America’s next top amateur?
Published 5:00 am Sunday, July 29, 2007
- Adam Lacey of Bend stands at his home course of Widgi Creek, where he shot a course-record 60 earlier this month. Lacey is one of many local golfers trying to qualify for the U.S. Amateur at qualifying rounds to be played at Juniper Golf Club on Monday.
Bend golfer Adam Lacey thinks he is playing well enough to qualify for the U.S. Amateur Golf Championship.
Seventy-one other players at Monday’s U.S. Amateur qualifying rounds at Juniper Golf Club in Redmond might have something to say about that.
To qualify for the 2007 U.S. Amateur tournament at San Francisco’s Olympic Club Aug. 20-26, players will have to finish in the top three of the two-round stroke-play tournament Monday.
“I think (my chances) are pretty good,” Lacey said Friday. “Last year, I missed (qualifying) by one. I think there was 50 players (at Juniper) last year, now there are 72, but I am playing a lot better than I was last year.”
Lacey said he is playing some of his best golf, including shooting a course-record 60 at his home club of Widgi Creek in Bend on July 3.
But players from Bend to Canada to Kentucky will be teeing off at par-72 Juniper for a chance to make the 107th edition of the U.S. Amateur, the United States Golf Association’s oldest championship.
Among the 18 hopefuls from Central Oregon will be Redmond’s Tim Sundseth, who was among the two qualifiers for the U.S. Amateur last year after firing an even-par 144 for the two rounds at Juniper.
Other top players from the area include Bend’s Brandon Kearney, and three brothers from Sisters: Christian, Jonathan and David Green.
Others to watch include Portland’s David Jacobsen, brother of PGA Champions Tour player Peter Jacobsen, as well as Oregon State’s Scott Barton of Bend and Alex Williams.
“Brandon Kearney has been playing really well, I’ve heard, and I would expect Tim Sundseth to be there again,” said Bruce Wattenburger, head pro at Juniper. “But for an event like this, I couldn’t speculate (who will win), because for an Amateur qualifier anybody from across the United States can enter.”
Lacey, who moved to Bend from Portland in November to attend Central Oregon Community College and play for its club team, is hoping to use the U.S. Amateur to jump-start his pro career.
After the U.S. Amateur qualifier, Lacey will attempt to qualify for the Oregon Classic at Shadow Hills Country Club in Junction City, Sept. 13-16, and the Boise (Idaho) Open, Sept. 20-23.
Dan Ostrin, head pro at Widgi Creek, said Lacey has been playing well, which bodes well entering the most important portion of Lacey’s golf career to date.
“I think he does (have a good chance at qualifying for the U.S. Amateur),” Ostrin said. “He hits it well and he hits it long, which is obviously a big advantage.”

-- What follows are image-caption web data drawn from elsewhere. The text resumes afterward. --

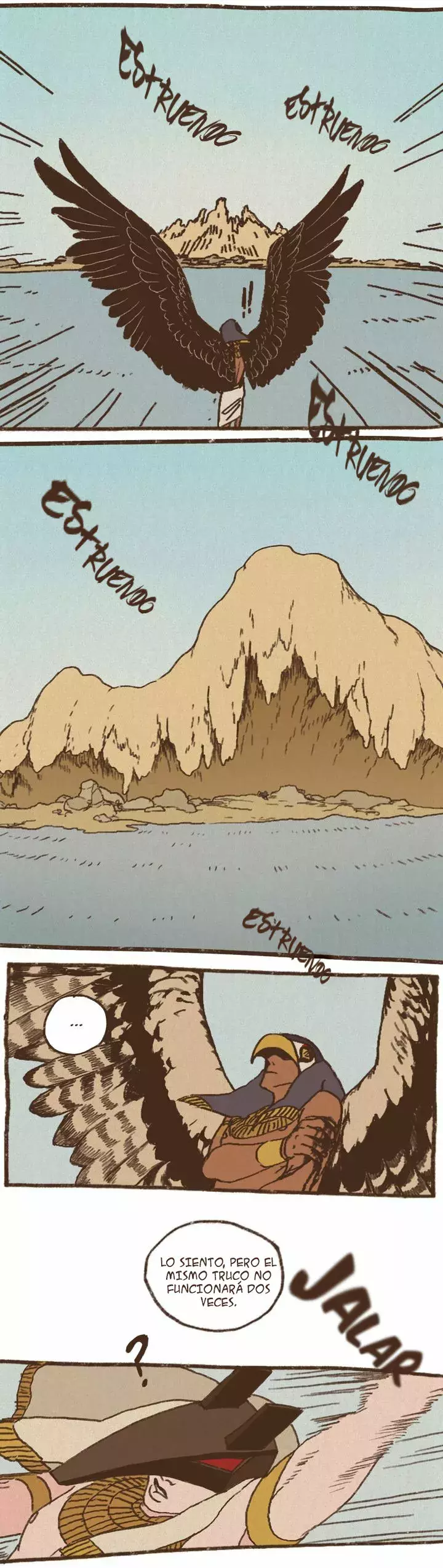 Dioses de Egipto capítulo 24 página 6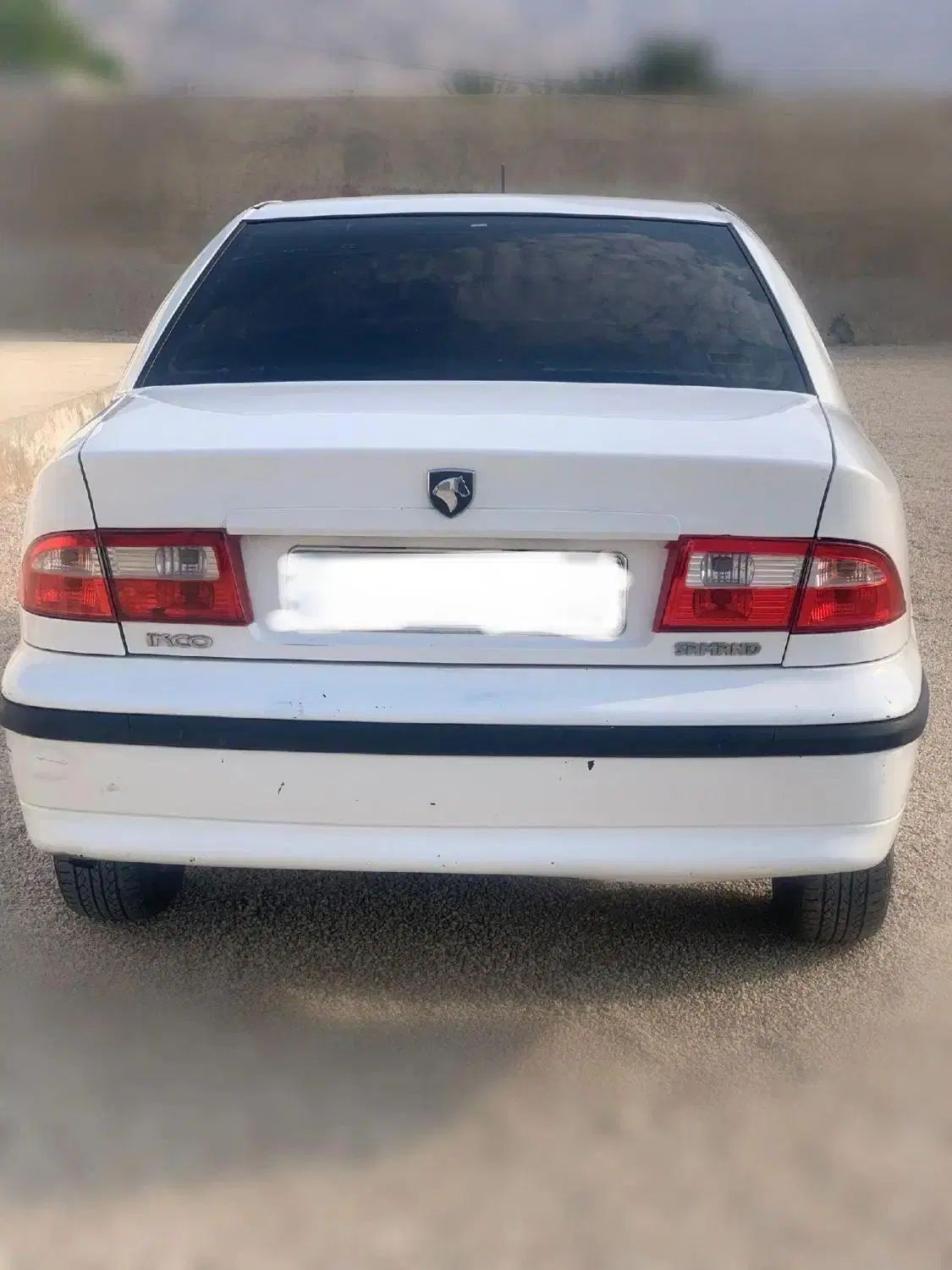 سمند LX EF7 دوگانه سوز - 1395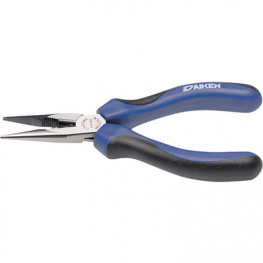 DLN-6EC, Flat-nose pliers with cutter 160 mm, DAIKEN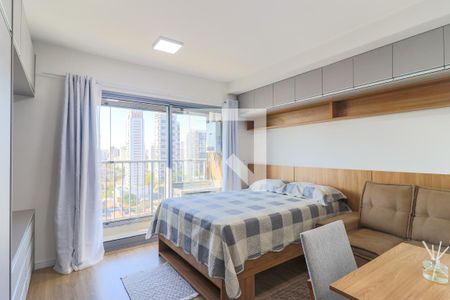 Studio de kitnet/studio para alugar com 1 quarto, 24m² em Vila Cordeiro, São Paulo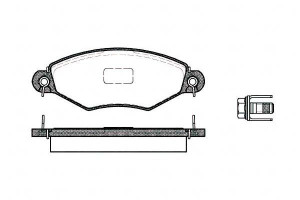 Klocki Hamulcowe Citroen Xsara Peugeot 206 306 18m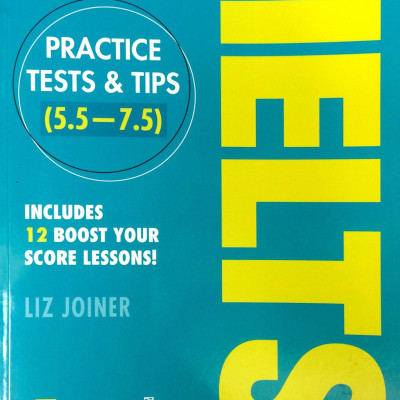 Timesaver For Exams - IELTS Practice Tests & Tips 5.5 - 7.5 (Kèm MP3)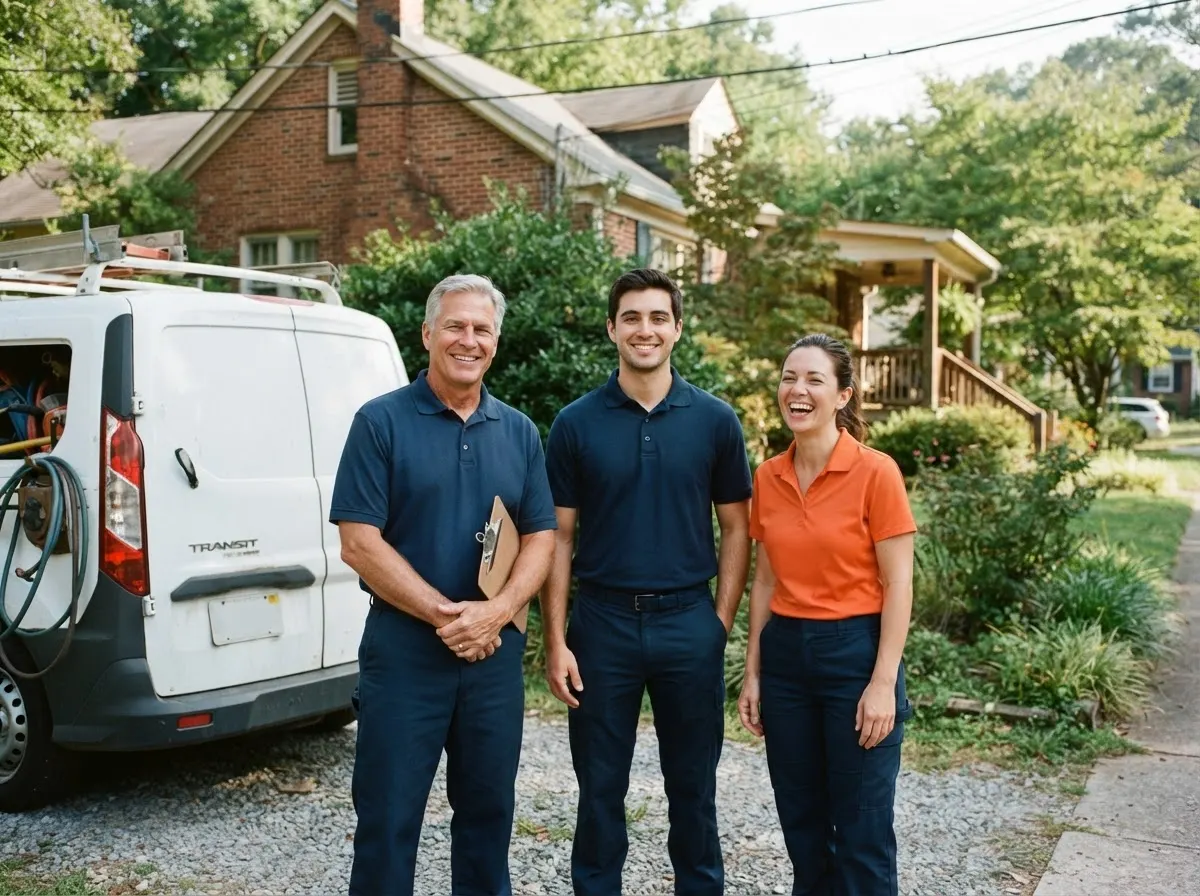 HomeFort Pest Control pest control service team in Durham, NC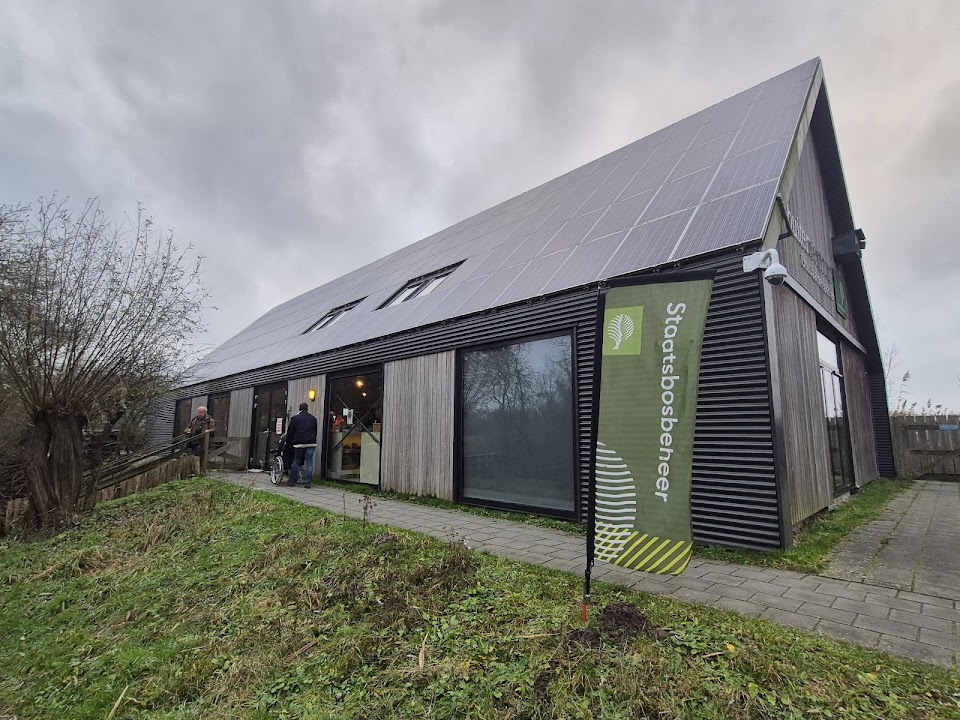 Buitencentrum Oostvaardersplassen Nationaal Park Nieuw Land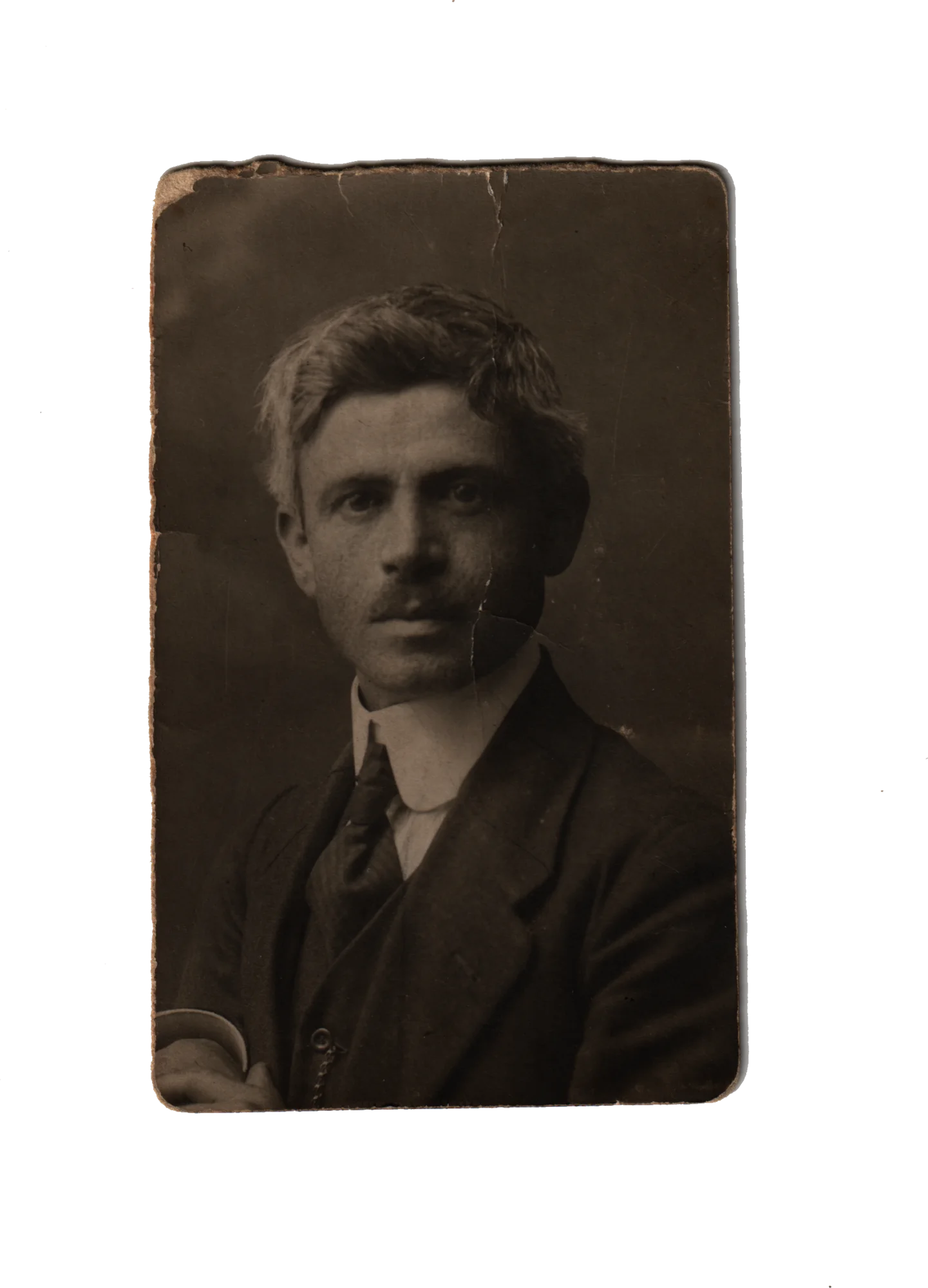 Portret al lui Ianaki Manakia la Plovdiv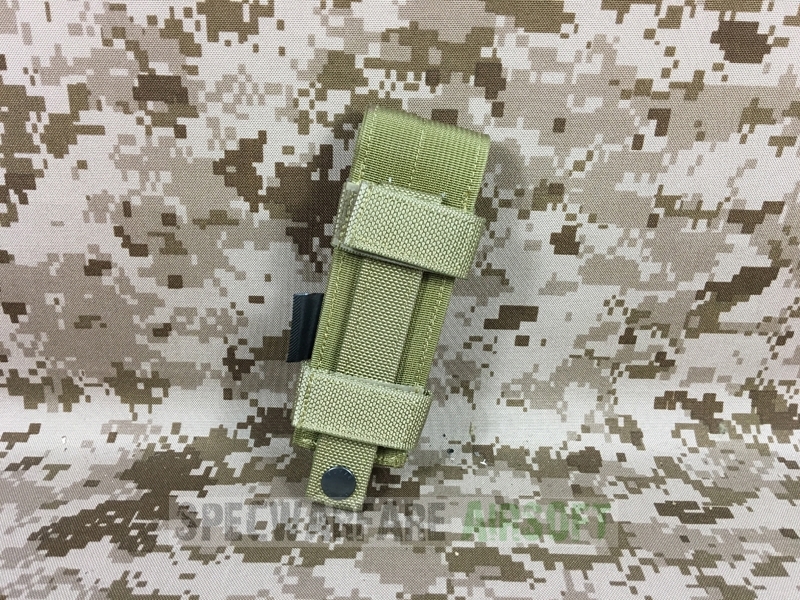 Specwarfare Airsoft. FLYYE MOLLE Knife Pouch (ATACS)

Lacey’s improvement hasn’t taken long. The graduate of Wilsonville High School outside of Portland didn’t begin to play competitive golf until he was a junior in high school.
The former baseball player cut his handicap from 10 to 0 before he graduated. But his grades weren’t good enough to play Division I college golf, because he “played a little too much golf,” which is how he ended up at COCC, he said.
His relative inexperience with competitive golf could be an advantage over more seasoned golfers his age, he said, because “I have not burned out yet.”
And Lacey is geared for a fast ascension up the golf ranks, from high school, to community college, to the highest level of amateur golf, to the Nationwide Tour and eventually, he hopes, the PGA Tour.
“I have that one goal in mind and when I have that goal I stick to it,” Lacey said. “I don’t really stray from it.”
The first players tee off Monday at 7:30 a.m. on the first and 10th tees in groups of three. The second round will begin at 1 p.m.
U.S. Amateur qualifying
e_SFlb Where: Juniper Golf Club, Redmond.
When: Monday, first round starts at 7:30 a.m.; second round at 1 p.m.
What’s at stake: The top three players in the 71-golfer field qualify for the 2007 U.S. Amateur held Aug. 20-26 at Olympic Club in San Francisco.